By sunny and shady ways we went, through quiet villages, amongst playing children and across the golden cornfields. Here the tall trees seemed to pierce the blue above, and there a group of peasant girls stooped, sickle in hand, to cut and carry off the plume-tipped stalks of maize-straw for the winter stores. Now the road led into an apple orchard, where great heaps of crimson fruit lay under the trees for sorting, and again we were out in the open, facing the snows that rose in august beauty above the white clouds against the sky.
At last my companion broke the silence. "The Aryan and Semitic ideals of woman", he said, "have always been diametrically opposed. Amongst the Semites the presence of woman is considered dangerous to devotion, and she may not perform any religious function, even such as the killing of a bird for food: according to the Aryan a man cannot perform a religious action without a wife."
"But Swamiji!" said I — startled at an assertion so sweeping and so unexpected — "is Hinduism not an Aryan faith?"
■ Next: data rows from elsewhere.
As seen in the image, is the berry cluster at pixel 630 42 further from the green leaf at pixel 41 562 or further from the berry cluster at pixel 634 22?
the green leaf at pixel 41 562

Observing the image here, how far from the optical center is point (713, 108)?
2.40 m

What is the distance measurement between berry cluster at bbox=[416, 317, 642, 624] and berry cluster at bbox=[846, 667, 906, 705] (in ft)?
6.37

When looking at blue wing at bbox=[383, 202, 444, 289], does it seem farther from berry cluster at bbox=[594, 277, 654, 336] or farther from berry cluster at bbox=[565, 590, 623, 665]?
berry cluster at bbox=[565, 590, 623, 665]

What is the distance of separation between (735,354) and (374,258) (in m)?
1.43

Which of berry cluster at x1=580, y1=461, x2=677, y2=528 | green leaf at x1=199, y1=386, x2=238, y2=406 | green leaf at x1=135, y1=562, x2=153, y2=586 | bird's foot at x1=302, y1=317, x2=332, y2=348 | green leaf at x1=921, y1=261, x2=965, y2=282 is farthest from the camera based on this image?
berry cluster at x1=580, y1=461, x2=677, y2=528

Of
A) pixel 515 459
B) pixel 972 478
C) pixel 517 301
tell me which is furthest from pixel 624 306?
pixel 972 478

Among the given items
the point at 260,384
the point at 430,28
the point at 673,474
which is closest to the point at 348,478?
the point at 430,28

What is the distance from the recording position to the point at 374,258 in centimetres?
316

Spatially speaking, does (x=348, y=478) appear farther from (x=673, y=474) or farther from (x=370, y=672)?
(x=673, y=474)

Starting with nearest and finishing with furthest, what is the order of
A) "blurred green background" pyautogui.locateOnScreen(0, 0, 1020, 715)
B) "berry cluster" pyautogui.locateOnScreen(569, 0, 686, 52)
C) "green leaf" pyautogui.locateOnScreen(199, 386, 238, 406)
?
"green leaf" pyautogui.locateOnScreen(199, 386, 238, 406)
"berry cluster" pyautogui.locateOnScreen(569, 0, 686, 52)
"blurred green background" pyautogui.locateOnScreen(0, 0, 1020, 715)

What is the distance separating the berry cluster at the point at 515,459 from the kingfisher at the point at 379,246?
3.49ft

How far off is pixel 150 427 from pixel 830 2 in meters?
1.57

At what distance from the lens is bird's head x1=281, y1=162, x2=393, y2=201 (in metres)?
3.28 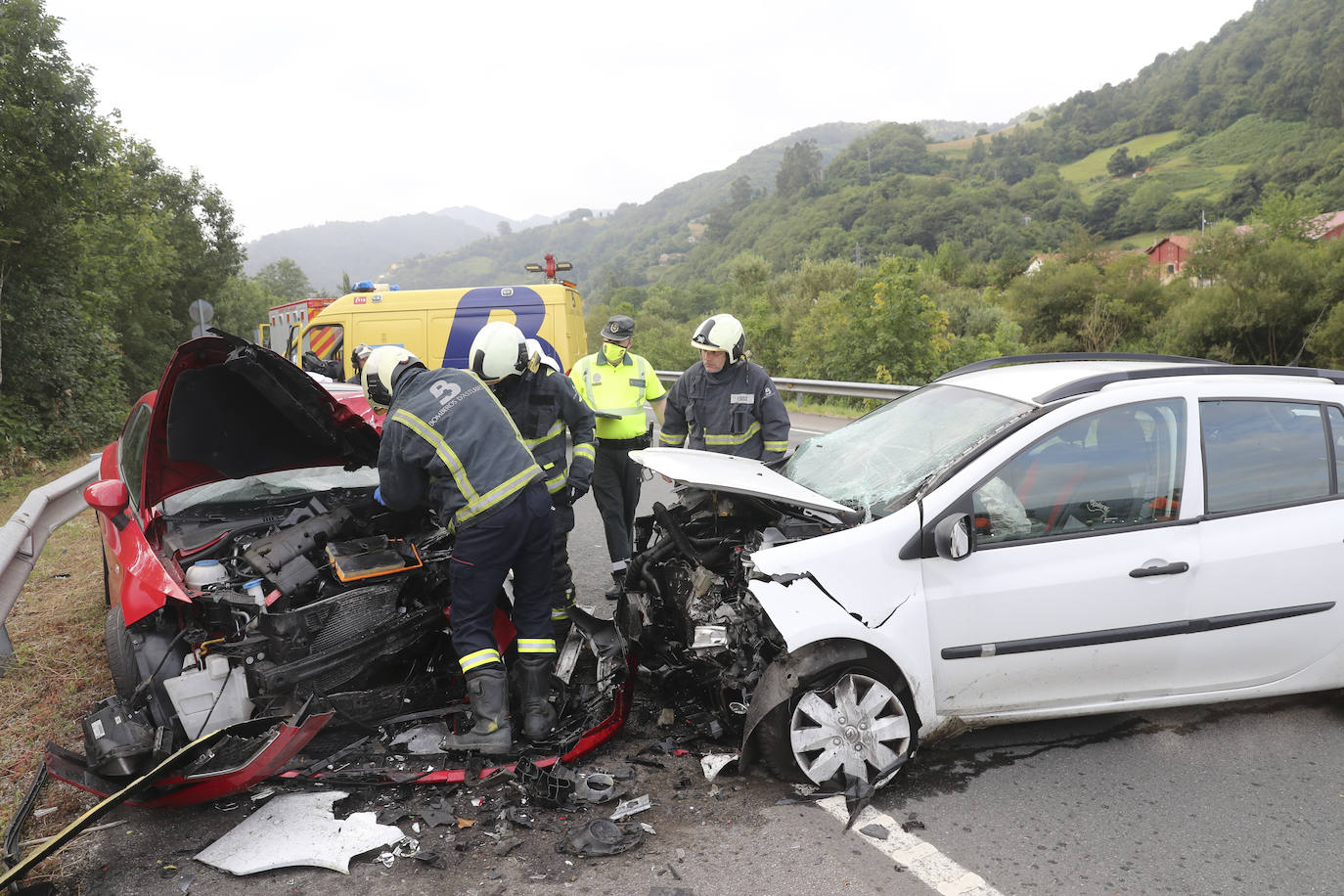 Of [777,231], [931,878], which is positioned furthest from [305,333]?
[777,231]

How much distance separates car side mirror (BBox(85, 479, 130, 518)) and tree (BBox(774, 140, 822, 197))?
437 feet

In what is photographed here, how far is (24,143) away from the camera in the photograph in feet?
34.3

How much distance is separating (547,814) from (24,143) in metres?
12.3

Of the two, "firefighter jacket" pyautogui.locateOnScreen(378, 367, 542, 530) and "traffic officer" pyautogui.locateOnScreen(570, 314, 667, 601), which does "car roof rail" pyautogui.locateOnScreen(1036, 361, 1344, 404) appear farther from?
"traffic officer" pyautogui.locateOnScreen(570, 314, 667, 601)

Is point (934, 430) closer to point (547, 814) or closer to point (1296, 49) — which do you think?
point (547, 814)

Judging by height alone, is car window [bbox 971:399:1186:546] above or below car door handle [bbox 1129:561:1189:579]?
above

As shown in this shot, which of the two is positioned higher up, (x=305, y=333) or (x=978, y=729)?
(x=305, y=333)

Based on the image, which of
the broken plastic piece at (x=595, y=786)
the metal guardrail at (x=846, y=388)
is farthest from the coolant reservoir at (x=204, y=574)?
the metal guardrail at (x=846, y=388)

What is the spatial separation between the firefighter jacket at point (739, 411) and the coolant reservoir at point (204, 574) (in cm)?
251

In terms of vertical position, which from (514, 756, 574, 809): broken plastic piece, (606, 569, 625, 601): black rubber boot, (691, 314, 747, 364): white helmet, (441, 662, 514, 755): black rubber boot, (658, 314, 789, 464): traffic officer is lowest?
(514, 756, 574, 809): broken plastic piece

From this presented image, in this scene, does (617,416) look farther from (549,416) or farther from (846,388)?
(846,388)

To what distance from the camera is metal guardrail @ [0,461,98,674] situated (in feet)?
12.8

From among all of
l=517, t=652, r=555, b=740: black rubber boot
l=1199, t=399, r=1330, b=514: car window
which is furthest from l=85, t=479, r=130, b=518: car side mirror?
l=1199, t=399, r=1330, b=514: car window

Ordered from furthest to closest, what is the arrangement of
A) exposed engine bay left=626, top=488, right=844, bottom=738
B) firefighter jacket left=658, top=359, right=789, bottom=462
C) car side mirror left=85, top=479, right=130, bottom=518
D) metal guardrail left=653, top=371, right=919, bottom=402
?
metal guardrail left=653, top=371, right=919, bottom=402 → firefighter jacket left=658, top=359, right=789, bottom=462 → car side mirror left=85, top=479, right=130, bottom=518 → exposed engine bay left=626, top=488, right=844, bottom=738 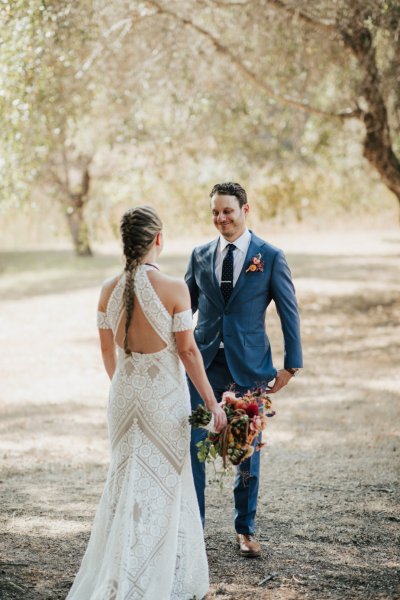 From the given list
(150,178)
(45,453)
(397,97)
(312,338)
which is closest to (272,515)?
(45,453)

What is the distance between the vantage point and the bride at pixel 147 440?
391cm

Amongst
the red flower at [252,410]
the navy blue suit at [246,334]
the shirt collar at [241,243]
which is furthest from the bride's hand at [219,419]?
the shirt collar at [241,243]

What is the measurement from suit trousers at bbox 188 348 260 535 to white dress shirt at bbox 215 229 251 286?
45 cm

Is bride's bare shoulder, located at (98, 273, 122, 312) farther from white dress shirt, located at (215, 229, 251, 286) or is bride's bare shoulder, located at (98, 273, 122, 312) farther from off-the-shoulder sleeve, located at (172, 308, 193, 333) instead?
white dress shirt, located at (215, 229, 251, 286)

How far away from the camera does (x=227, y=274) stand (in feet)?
15.8

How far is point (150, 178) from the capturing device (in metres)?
16.9

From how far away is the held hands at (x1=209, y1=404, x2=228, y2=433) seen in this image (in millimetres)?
4125

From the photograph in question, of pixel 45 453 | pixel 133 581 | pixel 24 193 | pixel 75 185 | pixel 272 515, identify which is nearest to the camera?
pixel 133 581

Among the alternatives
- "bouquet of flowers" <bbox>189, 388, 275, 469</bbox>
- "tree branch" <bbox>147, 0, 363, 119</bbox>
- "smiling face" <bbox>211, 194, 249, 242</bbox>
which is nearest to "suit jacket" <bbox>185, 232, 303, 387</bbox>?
"smiling face" <bbox>211, 194, 249, 242</bbox>

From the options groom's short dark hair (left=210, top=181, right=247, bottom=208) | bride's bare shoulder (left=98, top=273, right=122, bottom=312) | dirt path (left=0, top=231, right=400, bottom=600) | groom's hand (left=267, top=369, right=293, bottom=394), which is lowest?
dirt path (left=0, top=231, right=400, bottom=600)

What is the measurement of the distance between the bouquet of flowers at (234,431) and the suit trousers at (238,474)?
Result: 1.72 ft

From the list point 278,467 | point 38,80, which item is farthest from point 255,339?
point 38,80

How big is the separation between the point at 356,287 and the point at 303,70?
33.1 feet

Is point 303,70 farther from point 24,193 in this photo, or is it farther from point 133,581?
point 133,581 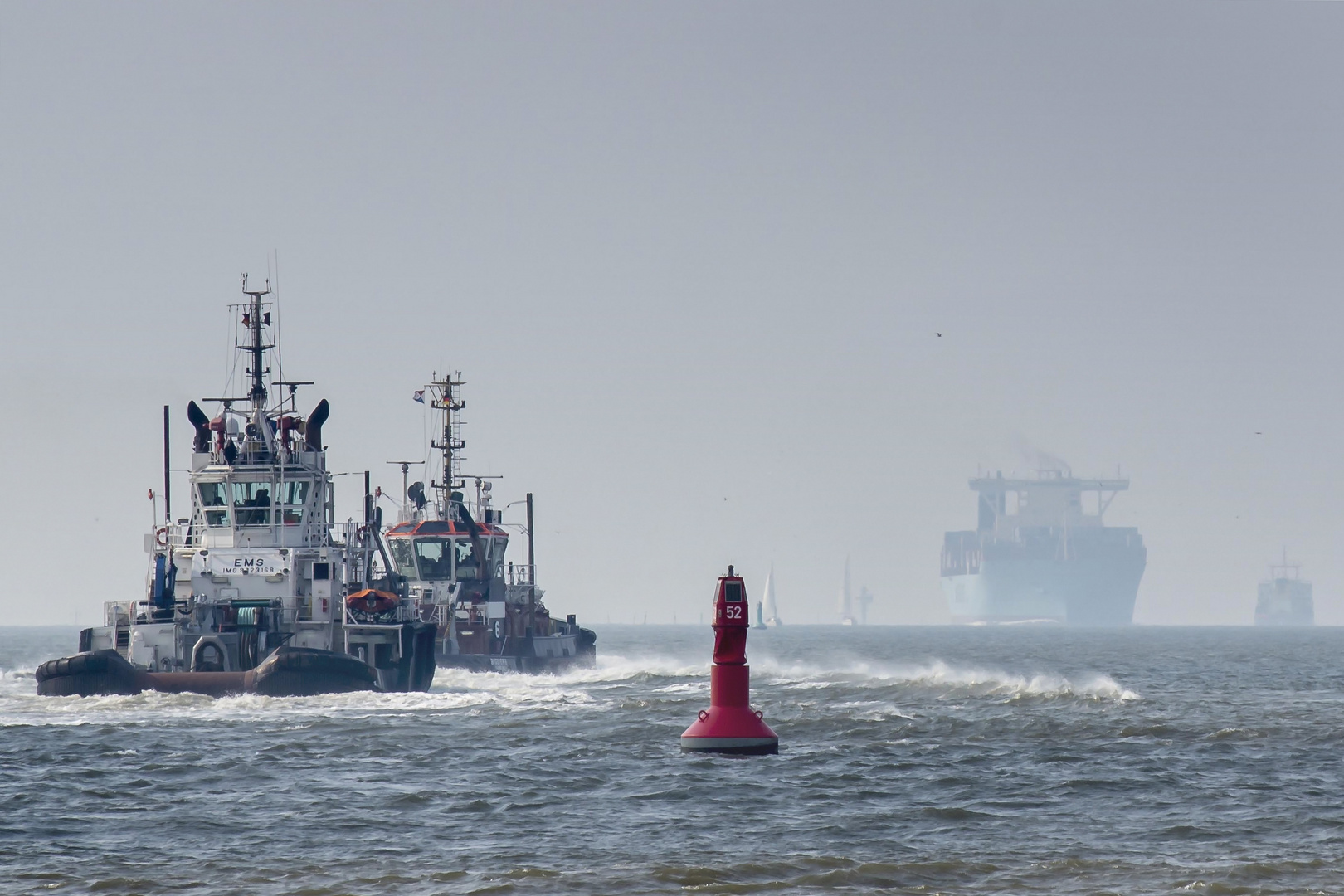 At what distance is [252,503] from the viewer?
57031 mm

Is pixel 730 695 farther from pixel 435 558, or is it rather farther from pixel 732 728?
pixel 435 558

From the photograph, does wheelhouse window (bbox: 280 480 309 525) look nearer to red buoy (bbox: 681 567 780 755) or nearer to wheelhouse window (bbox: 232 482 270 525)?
wheelhouse window (bbox: 232 482 270 525)

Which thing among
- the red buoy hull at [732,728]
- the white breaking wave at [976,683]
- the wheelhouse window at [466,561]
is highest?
the wheelhouse window at [466,561]

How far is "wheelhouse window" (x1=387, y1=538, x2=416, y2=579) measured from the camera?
260 feet

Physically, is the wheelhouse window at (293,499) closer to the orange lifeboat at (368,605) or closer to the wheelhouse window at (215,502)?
the wheelhouse window at (215,502)

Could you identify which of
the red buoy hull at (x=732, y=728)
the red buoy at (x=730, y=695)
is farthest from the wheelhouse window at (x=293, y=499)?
the red buoy hull at (x=732, y=728)

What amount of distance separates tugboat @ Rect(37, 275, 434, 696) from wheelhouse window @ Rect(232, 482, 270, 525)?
4 cm

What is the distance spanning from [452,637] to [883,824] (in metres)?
49.4

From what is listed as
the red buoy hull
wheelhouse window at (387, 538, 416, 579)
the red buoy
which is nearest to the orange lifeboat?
the red buoy

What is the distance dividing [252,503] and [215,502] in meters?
1.26

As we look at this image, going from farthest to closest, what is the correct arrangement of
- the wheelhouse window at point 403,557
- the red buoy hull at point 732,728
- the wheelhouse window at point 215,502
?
the wheelhouse window at point 403,557
the wheelhouse window at point 215,502
the red buoy hull at point 732,728

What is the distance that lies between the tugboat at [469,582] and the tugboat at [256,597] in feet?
47.7

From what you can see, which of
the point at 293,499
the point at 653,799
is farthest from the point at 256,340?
the point at 653,799

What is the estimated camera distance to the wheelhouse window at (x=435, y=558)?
259 feet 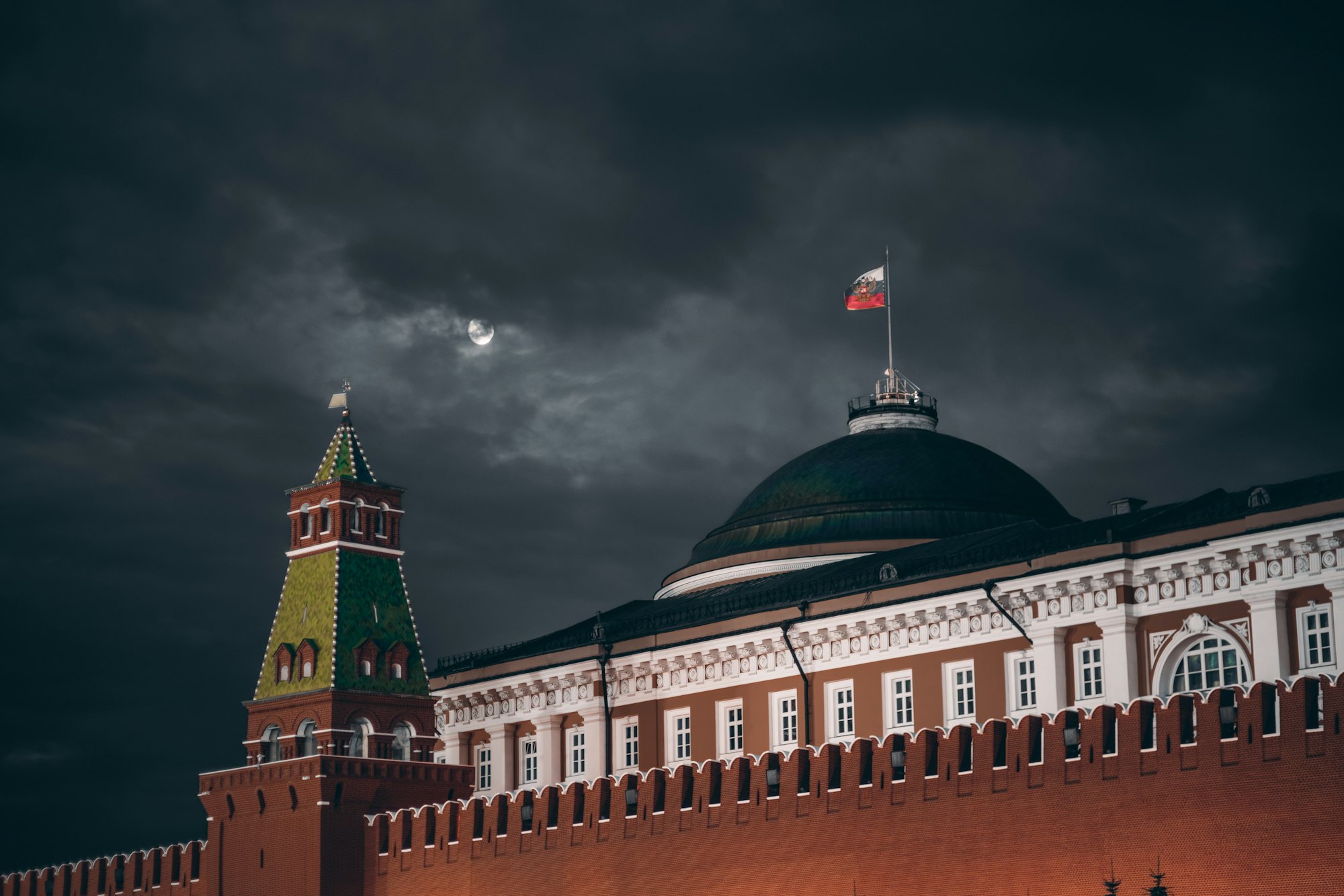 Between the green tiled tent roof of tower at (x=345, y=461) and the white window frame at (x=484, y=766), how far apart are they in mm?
8953

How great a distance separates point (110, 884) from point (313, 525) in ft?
35.1

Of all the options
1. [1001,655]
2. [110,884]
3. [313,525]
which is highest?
[313,525]

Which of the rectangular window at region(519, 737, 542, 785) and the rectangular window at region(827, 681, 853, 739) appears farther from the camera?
the rectangular window at region(519, 737, 542, 785)

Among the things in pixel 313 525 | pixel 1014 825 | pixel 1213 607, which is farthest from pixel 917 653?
pixel 313 525

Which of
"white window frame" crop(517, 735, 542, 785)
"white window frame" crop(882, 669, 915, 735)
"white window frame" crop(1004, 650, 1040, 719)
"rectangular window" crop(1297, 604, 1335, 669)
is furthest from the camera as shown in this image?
"white window frame" crop(517, 735, 542, 785)

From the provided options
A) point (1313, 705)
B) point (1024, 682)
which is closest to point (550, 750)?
point (1024, 682)

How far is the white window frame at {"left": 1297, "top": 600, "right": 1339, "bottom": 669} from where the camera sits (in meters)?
44.4

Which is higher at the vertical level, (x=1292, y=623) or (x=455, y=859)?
(x=1292, y=623)

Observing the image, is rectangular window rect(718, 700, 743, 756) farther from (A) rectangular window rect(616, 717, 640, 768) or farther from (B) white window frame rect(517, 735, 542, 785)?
(B) white window frame rect(517, 735, 542, 785)

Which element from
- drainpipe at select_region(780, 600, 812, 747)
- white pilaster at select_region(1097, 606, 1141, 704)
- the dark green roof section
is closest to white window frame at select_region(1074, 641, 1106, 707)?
white pilaster at select_region(1097, 606, 1141, 704)

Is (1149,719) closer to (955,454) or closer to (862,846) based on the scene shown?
(862,846)

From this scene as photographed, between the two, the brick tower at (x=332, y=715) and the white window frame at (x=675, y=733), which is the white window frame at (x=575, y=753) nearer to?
the white window frame at (x=675, y=733)

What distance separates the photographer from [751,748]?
2164 inches

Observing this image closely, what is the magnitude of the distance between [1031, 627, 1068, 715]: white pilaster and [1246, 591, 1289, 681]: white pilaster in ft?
14.4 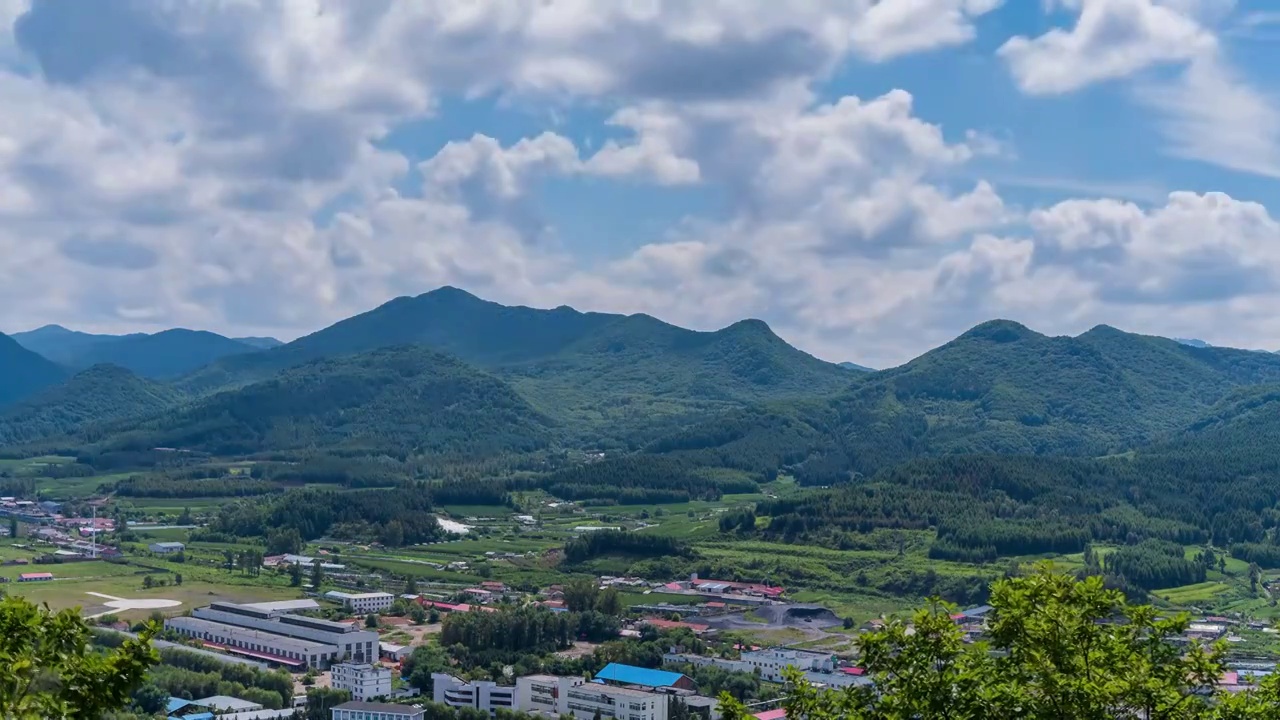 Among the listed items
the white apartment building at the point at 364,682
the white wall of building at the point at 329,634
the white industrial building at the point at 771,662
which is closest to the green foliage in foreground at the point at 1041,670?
the white apartment building at the point at 364,682

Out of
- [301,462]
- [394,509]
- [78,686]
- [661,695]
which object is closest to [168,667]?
[661,695]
"Modern Hinduism", said the Swami quietly, "is largely Paurânika, that is, post-Buddhistic in origin. Dayânanda Saraswati pointed out that though a wife is absolutely necessary in the Sacrifice of the domestic fire, which is a Vedic rite, she may not touch the Shâlagrâma Shilâ, or the household-idol, because that dates from the later period of the Purânas."
"And so you consider the inequality of woman amongst us as entirely due to the influence of Buddhism?"
"Where it exists, certainly," said the Swami, "but we should not allow the sudden influx of European criticism and our consequent sense of contrast to make us acquiesce too readily in this notion of the inequality of our women. Circumstances have forced upon us, for many centuries, the woman's need of protection. This, and not her inferiority, is the true reading of our customs."
"Are you then entirely satisfied with the position of women amongst us, Swamiji?"
"By no means," said the Swami, "but our right of interference is limited entirely to giving education. Women must be put in a position to solve their own problems in their own way. No one can or ought to do this for them. And our Indian women are as capable of doing it as any in the world."